Berliner Szenen: Schnäppchen bei eBay
Subjekt und Objekt
Von Tinder oder ähnlichen digitalen Dating-Plattformen halte ich nichts. Von Ebay-Kleinanzeigen schon eher, denn ich durchforstete das Internet gerade nicht nach Männern, sondern nach einer Systemkamera, deren Neupreis meine finanziellen Kapazitäten übersteigt. Und tatsächlich – ich fand sie. In Mitte. Fast neu und fast günstig. Also kontaktierte ich die Person, die die Kamera ins Netz gestellt hatte. Noch am selben Tag trafen wir uns. In Mitte.
Anstatt mir allerdings die Kamera anzubieten, bot mir der Typ einen Kaffee an in seinem Lieblingscafé, wenige Meter nur von seiner Haustür entfernt. Komisch, dachte ich mir, aber der Gedanke an die Kamera ließ mich Ja sagen. Unter Kerzenschein überreichte er mir dann ganz feierlich das noch originalverpackte Objekt.
Nach dem Auspacken, das sich wie Geburtstag und Weihnachten zugleich anfühlte, drückte ich auf On und – nichts. Kein Geräusch, kein Aufleuchten des Displays. „Ah, sorry“, sagte der Typ dann. „Ich habe ganz vergessen, sie aufzuladen.“ Ach, was für ein Zufall, dachte ich und steckte missmutig das Ladekabel in die Steckdose neben mir.

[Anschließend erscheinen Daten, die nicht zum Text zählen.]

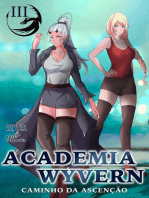 Academia Wyvern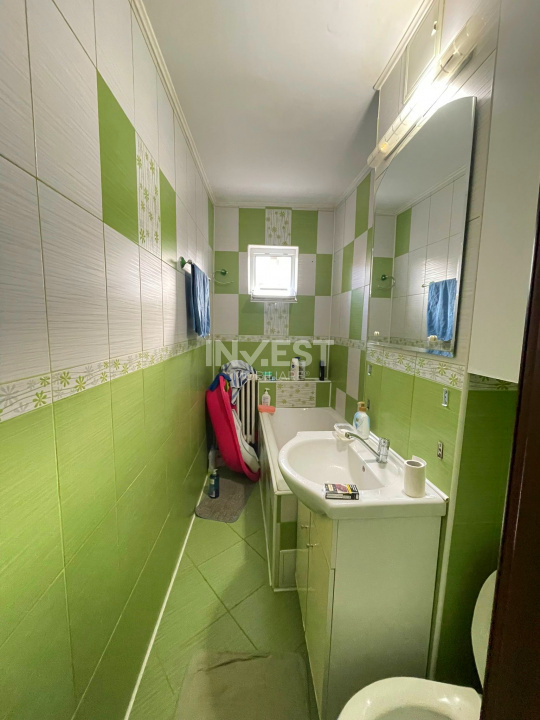 Apartament 2 camere-Mircea cel Batran-etaj 2-bloc fara risc - 6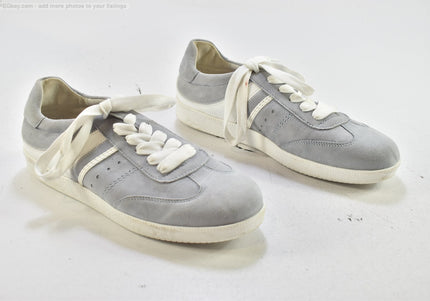 Gabor Damen Halbschuhe Freizeitschuhe UK 6 Nr. 25-A 110-Schuh-Gebraucht-secondhand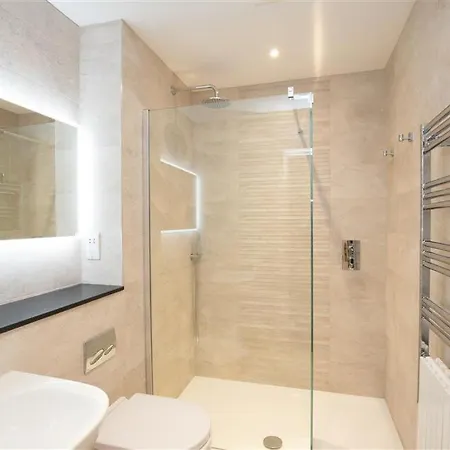 Romney 12 Holiday home *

Zufälligerweise nutze er die Ladezeit zur Belaberung. Nach einer halben Stunde zog ich den Stecker. „Jetzt reicht’s“, sagte ich und drückte wieder auf On, um ihn off zu machen. Wieder kein Lebenszeichen. „Das ist echt komisch“, meinte er. „Ja, das finde ich auch“, antwortete ich und verließ das Café. Als ich nach Hause kam, lag in meinem Postfach bereits eine Nachricht von ihm. Er werde die Kamera in Ruhe übers Wochenende aufladen, und dann könnten wir uns ja noch mal auf einen Kaffee treffen. In Kreuzberg. Ich lehnte ab. Wenn Subjekt Objekt vorschiebt, um sich zu daten, dann kann irgendetwas nicht stimmen – sowohl mit Subjekt als auch mit Objekt.